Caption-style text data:
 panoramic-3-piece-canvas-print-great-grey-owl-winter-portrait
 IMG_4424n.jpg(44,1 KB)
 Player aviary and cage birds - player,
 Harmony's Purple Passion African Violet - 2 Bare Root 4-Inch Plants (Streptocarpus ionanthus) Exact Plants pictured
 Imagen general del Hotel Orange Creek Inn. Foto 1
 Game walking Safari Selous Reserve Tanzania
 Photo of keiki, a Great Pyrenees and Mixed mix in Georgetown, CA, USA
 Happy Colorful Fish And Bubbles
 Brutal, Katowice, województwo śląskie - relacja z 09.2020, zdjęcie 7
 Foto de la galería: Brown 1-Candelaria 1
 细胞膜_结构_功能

...

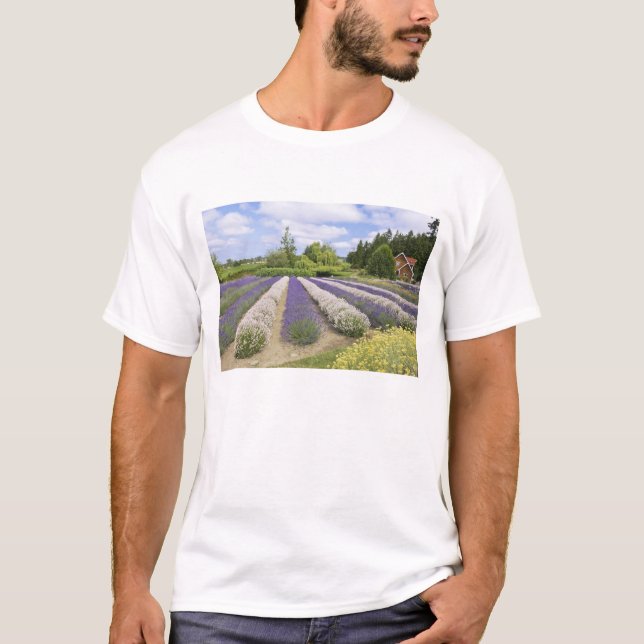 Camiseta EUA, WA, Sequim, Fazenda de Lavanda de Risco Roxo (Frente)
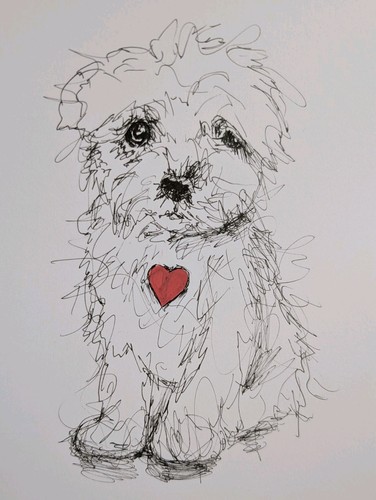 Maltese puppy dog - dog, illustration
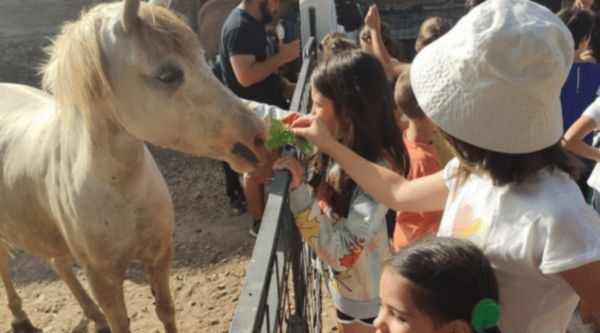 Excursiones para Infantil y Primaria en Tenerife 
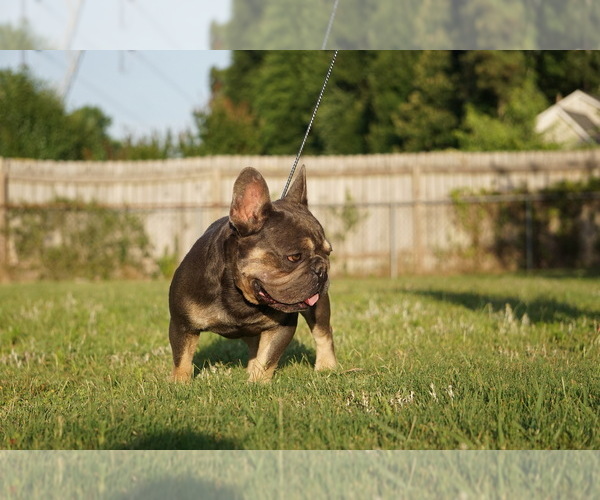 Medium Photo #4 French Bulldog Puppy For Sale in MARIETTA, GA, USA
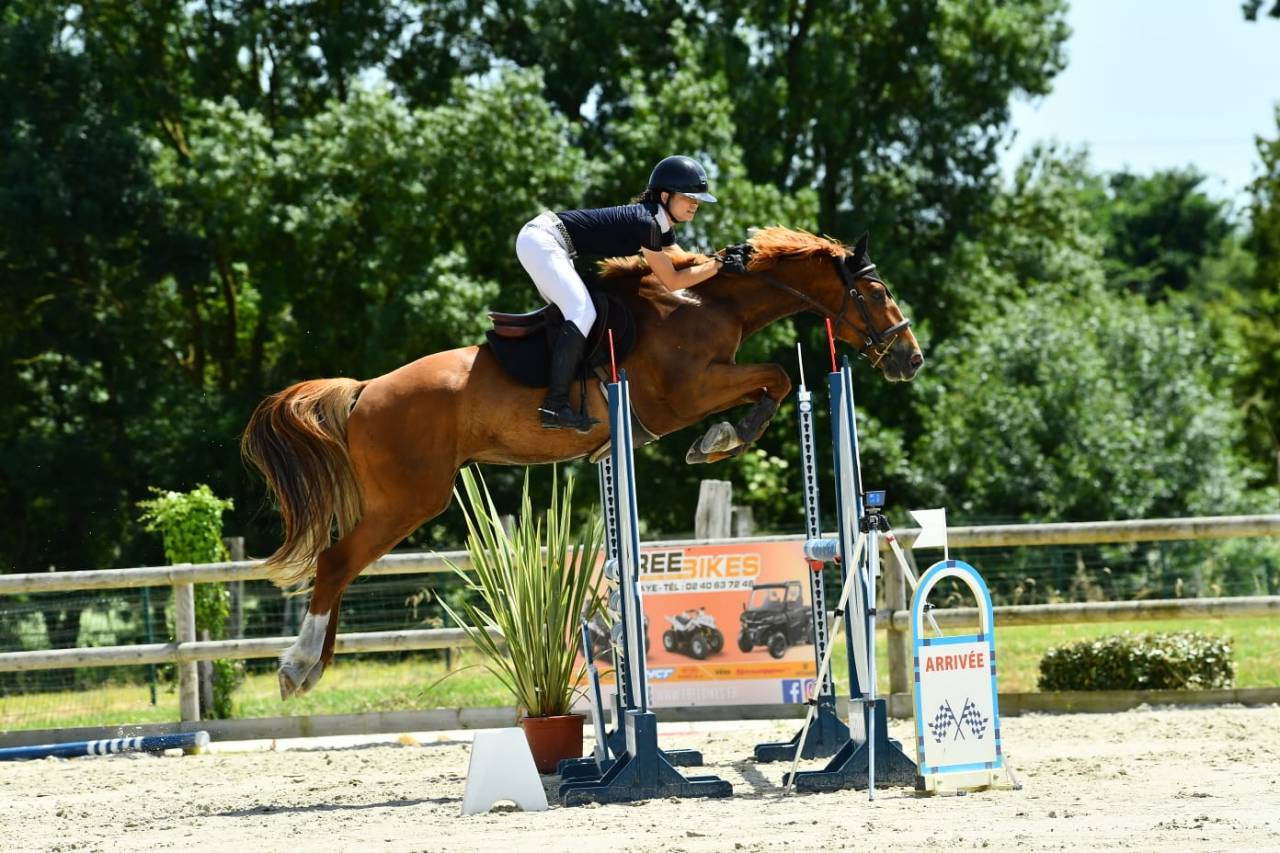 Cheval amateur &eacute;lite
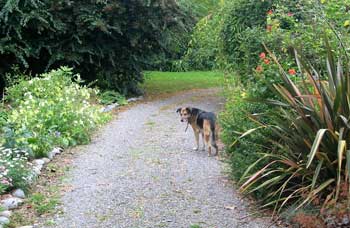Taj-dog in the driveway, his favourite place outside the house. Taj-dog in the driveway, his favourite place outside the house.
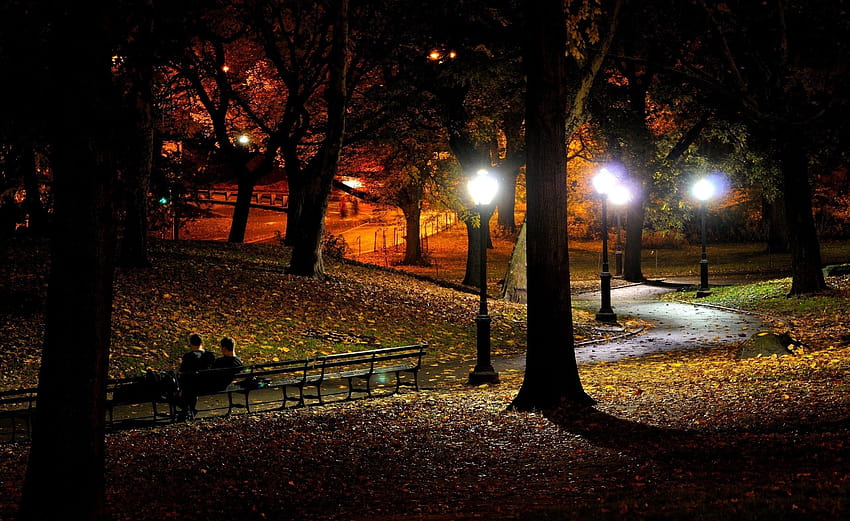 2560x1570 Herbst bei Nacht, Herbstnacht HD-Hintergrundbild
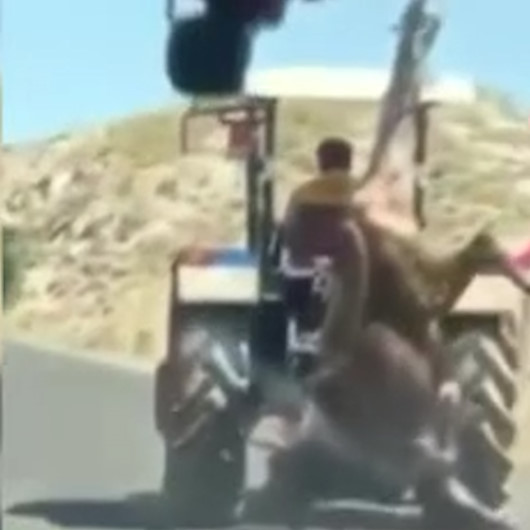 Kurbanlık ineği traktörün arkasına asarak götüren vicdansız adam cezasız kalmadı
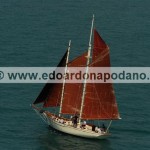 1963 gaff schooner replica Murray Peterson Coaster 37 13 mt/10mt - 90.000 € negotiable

◆ What is expected: Would you restate, exactly and with no pictures, the lines of the entries above from the one containing "Maltese puppy dog - dog, illustration" through the one containing "2560x1570 Herbst bei"?

◆ Result:
 Maltese puppy dog - dog, illustration
 Excursiones para Infantil y Primaria en Tenerife 
 Medium Photo #4 French Bulldog Puppy For Sale in MARIETTA, GA, USA
 Cheval amateur &eacute;lite
Taj-dog in the driveway, his favourite place outside the house. Taj-dog in the driveway, his favourite place outside the house.
 2560x1570 Herbst bei Nacht, Herbstnacht HD-Hintergrundbild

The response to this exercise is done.